> **Short web captions**

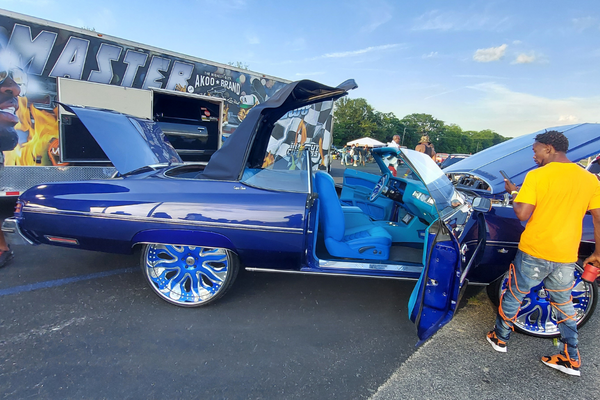 A few folks gather around a flashy blue Donk soft-top convertible next to the Donkmaster race trailer. It's one of Sage Thomas' Donks.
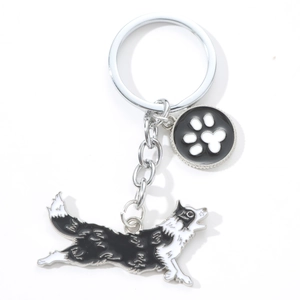 Detail of Border Collie metal keychain with small paw print charm and silver link chain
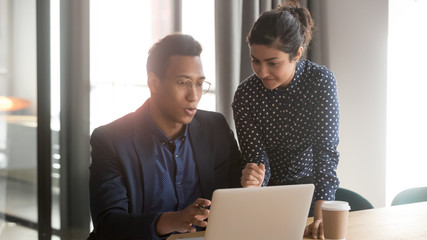 Indian mentor coworker talk help black intern explain computer work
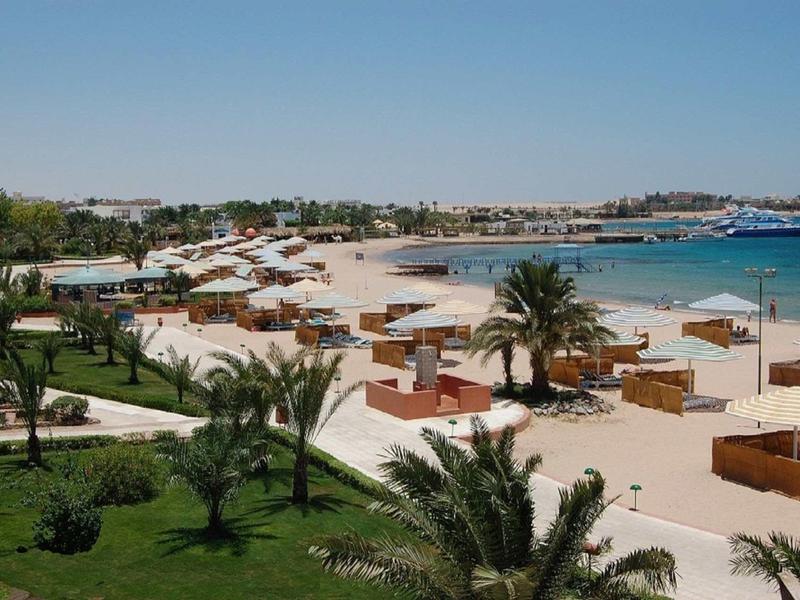 Plage avec sable blanc, palmiers et parasols le long d'une côte bleue.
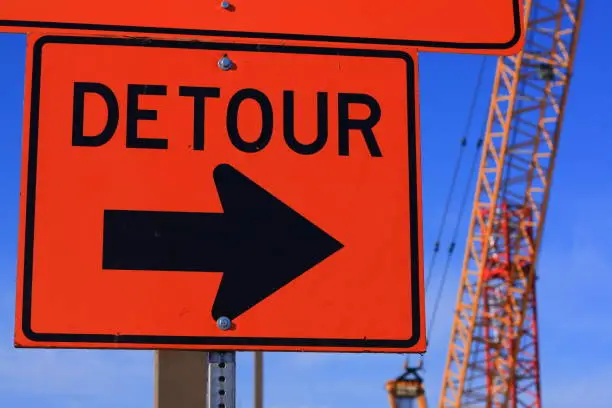 Detour street sign with crane and blue sky in background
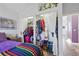 Bedroom boasts a walk-in closet, hardwood floors and bright natural light from the oversized windows at 1686 S Logan St, Denver, CO 80210
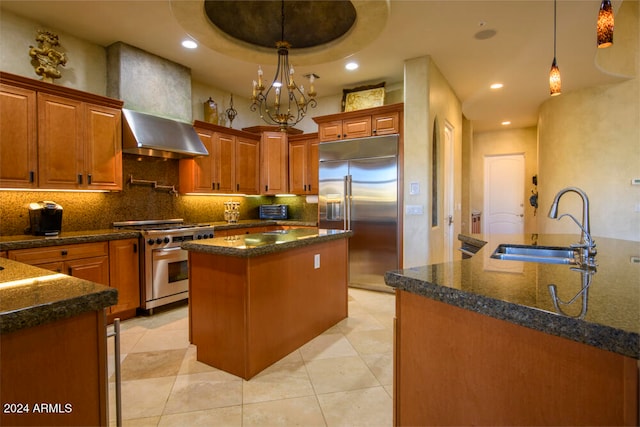 kitchen featuring premium appliances, a tray ceiling, a kitchen island with sink, wall chimney range hood, and pendant lighting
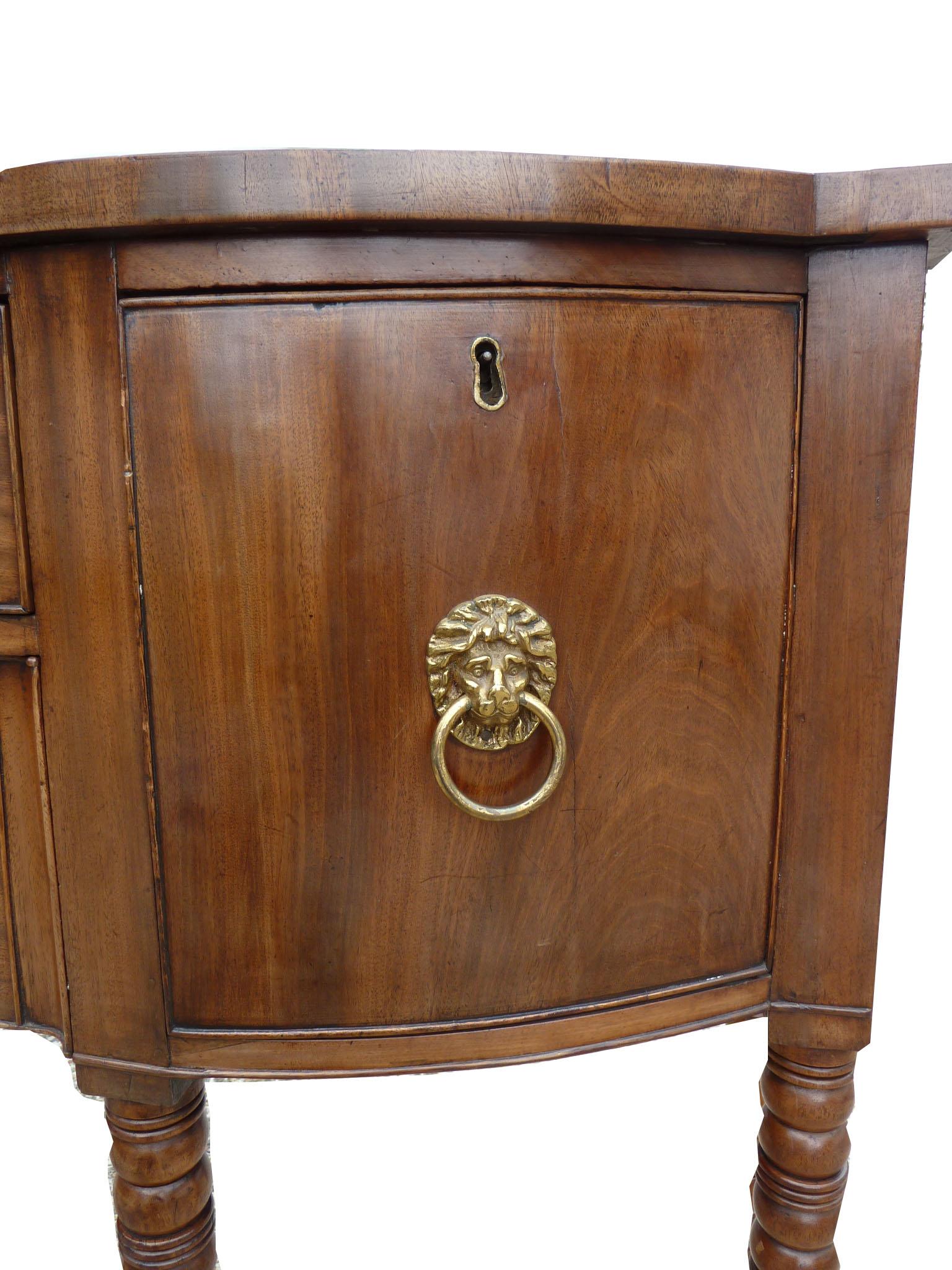 For sale is a good quality George III mahogany sideboard of small proportions. The sideboard has four drawers, each with original brass handles. The sideboard stands on 6 elegant turned legs. This piece is in a good untouched condition though there
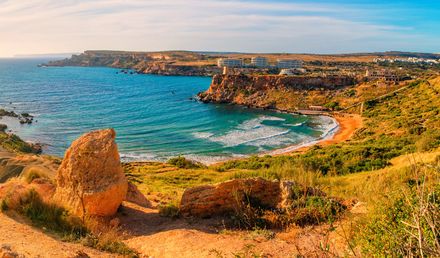 Ghajn Tuffieha Bay auf Malta mit Blick auf die felsige Küstenlandschaft, die geschwungene Sandbucht und das türkisfarbene Mittelmeer unter blauem Himmel
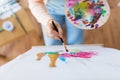 Artist with palette and brush painting at studio Royalty Free Stock Photo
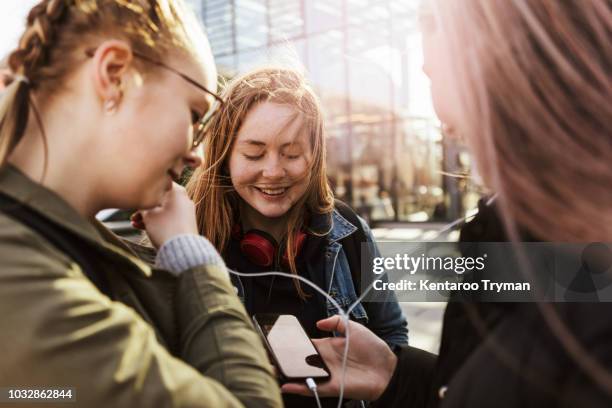 teenage girl looking at friends listening music through mobile phone in city - 3 teenagers mobile outdoors stock-fotos und bilder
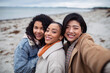 © Davor - Three young women friends taking a selfie on a windy beach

> **What needs to be done**
Could you repeat the entries word for word, skipping the pictures they contain?

> **Task solution**
 A few folks gather around a flashy blue Donk soft-top convertible next to the Donkmaster race trailer. It's one of Sage Thomas' Donks.
 Detail of Border Collie metal keychain with small paw print charm and silver link chain
 Indian mentor coworker talk help black intern explain computer work
 Plage avec sable blanc, palmiers et parasols le long d'une côte bleue.
 Detour street sign with crane and blue sky in background
 Bedroom boasts a walk-in closet, hardwood floors and bright natural light from the oversized windows at 1686 S Logan St, Denver, CO 80210
 kitchen featuring premium appliances, a tray ceiling, a kitchen island with sink, wall chimney range hood, and pendant lighting
 For sale is a good quality George III mahogany sideboard of small proportions. The sideboard has four drawers, each with original brass handles. The sideboard stands on 6 elegant turned legs. This piece is in a good untouched condition though there
 Ghajn Tuffieha Bay auf Malta mit Blick auf die felsige Küstenlandschaft, die geschwungene Sandbucht und das türkisfarbene Mittelmeer unter blauem Himmel
 Artist with palette and brush painting at studio Royalty Free Stock Photo
 teenage girl looking at friends listening music through mobile phone in city - 3 teenagers mobile outdoors stock-fotos und bilder
 © Davor - Three young women friends taking a selfie on a windy beach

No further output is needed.